I have spent the last week digesting the Special Session on Transportation that delivered no relief (or the prospect thereof) to our traffic congestion problems. The result: I’m still angry.
While many journalists have spoken in detail about regional differences between rural Virginians without traffic problems and urban and suburban Virginians who are engulfed by them, a deeper and more fundamental issue is at hand. This issue will continue to prevent progress until a leadership change occurs in the House of Delegates.
Too many Republican members of the legislature have signed “no-tax” pledges. Like you, I don’t like taxes either. But like you, I recognize the difference between needed investment and wasteful spending. By any analysis, our transportation situation presents a needed investment. According to Republican Vince Callahan, former chairman of the House Appropriations Committee and probably the most knowledgeable Virginian with regards to our state finances, our state taxes are lower today than at any time since 1992. The only state tax increase in the past decade was Gov. Warner’s 2004 reform package, made necessary by the car tax relief promised but not paid for by Gov. Gilmore. The Dot.Com bust didn’t help either and elimination of the car tax was favorable to Northern Virginians, whose car tax rates were multiple times higher than those of other jurisdictions in the Commonwealth. That being said, Gov. Warner had a pretty big mess to clean up. Since then, we have eliminated the state portion of the tax on food, the estate tax, reduced the overall communications tax and various other taxes that impact Virginia families and businesses, all of which I supported. But when the time comes to raise the necessary revenue to invest in our transportation infrastructure, the House Republicans are stuck in a car that only has one gear: reverse. They can only reduce taxes, they can never raise them. While this may suit some people who dislike and distrust government, it is no way to operate what has been recognized by Governing Magazine as the Best Managed State in the country.
In a few short years, we will have no construction money for the match required to draw down federal highway dollars and will be a maintenance-only system. This would be a disaster for our region.

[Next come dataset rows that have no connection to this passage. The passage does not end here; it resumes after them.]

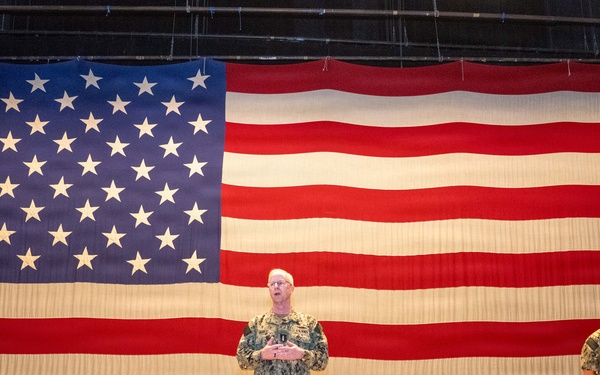 CNO and MCPON all-hands call on Naval Submarine Base New London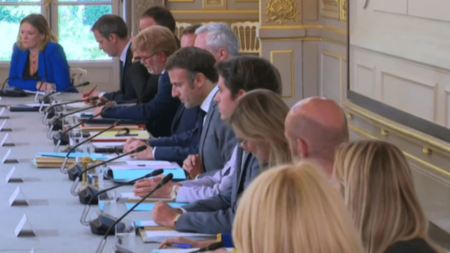 Remaniement : Emmanuel Macron fait le choix de la continuité
              Emmanuel Macron a réaffirmé, vendredi 21 juillet, les grands chantiers qui attendent le gouvernement à la rentrée. Mais a-t-il donné un nouveau cap à sa politique ? Le point avec Caroline Motte, en duplex de l’Elysée.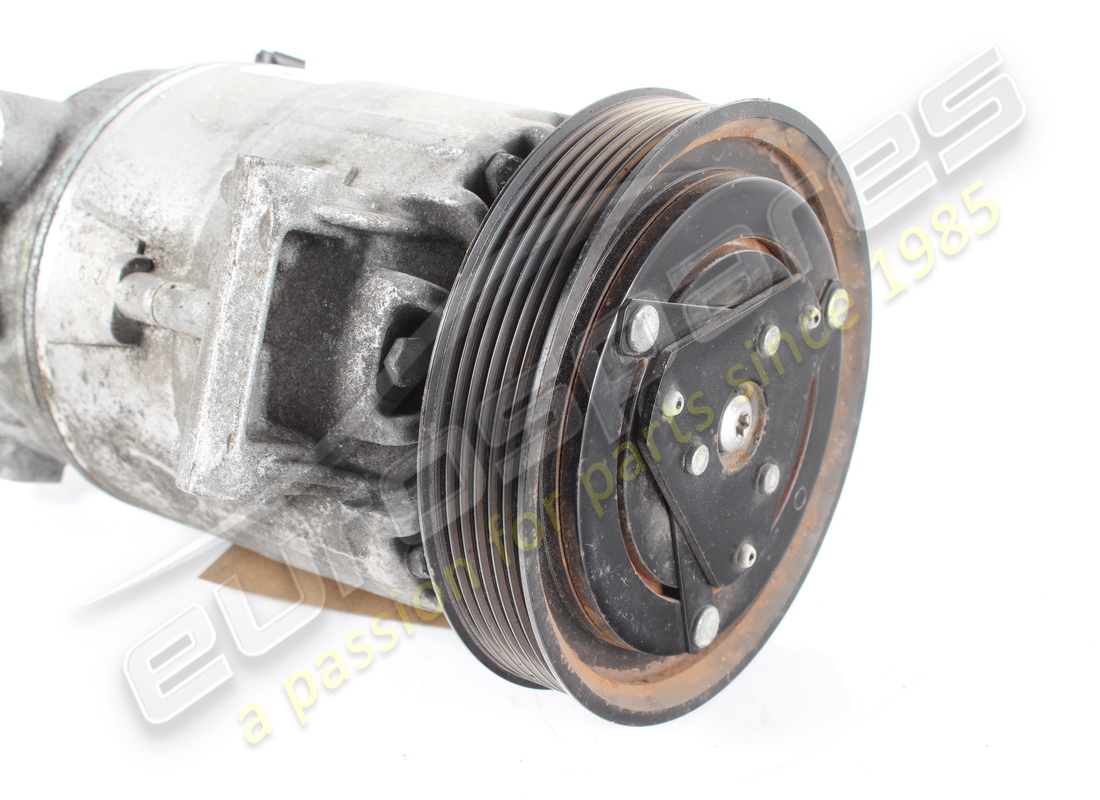 used ferrari air conditioning compressor. part number 267146 (4)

The House Republican response: study VDOT for the seventh time to find inefficiencies in an agency that is now over 90 percent on-time and on-budget with its projects. The other part of their plan: take future revenue generated by the Port of Virginia and the Airports Authority, even though that money is already being counted on to fund education, public safety and health needs. This is like taking a dollar out of one pocket, sticking it in the other and thinking you’ve made an extra dollar. How clever.
Look, here’s what’s really going on. Real solutions like the governor’s, which I supported, and the Senate’s, which I voted for after the gas tax was removed, were rejected in favor of the nonsense House Republicans put forth. They do this to stall in the hopes that redistricting in 2010 will save them. I hope the voters across the Commonwealth and the Northern Virginia business community will call their bluff and put their votes and their pocketbooks toward defeating obstructionism and supporting progress because these guys have got to go.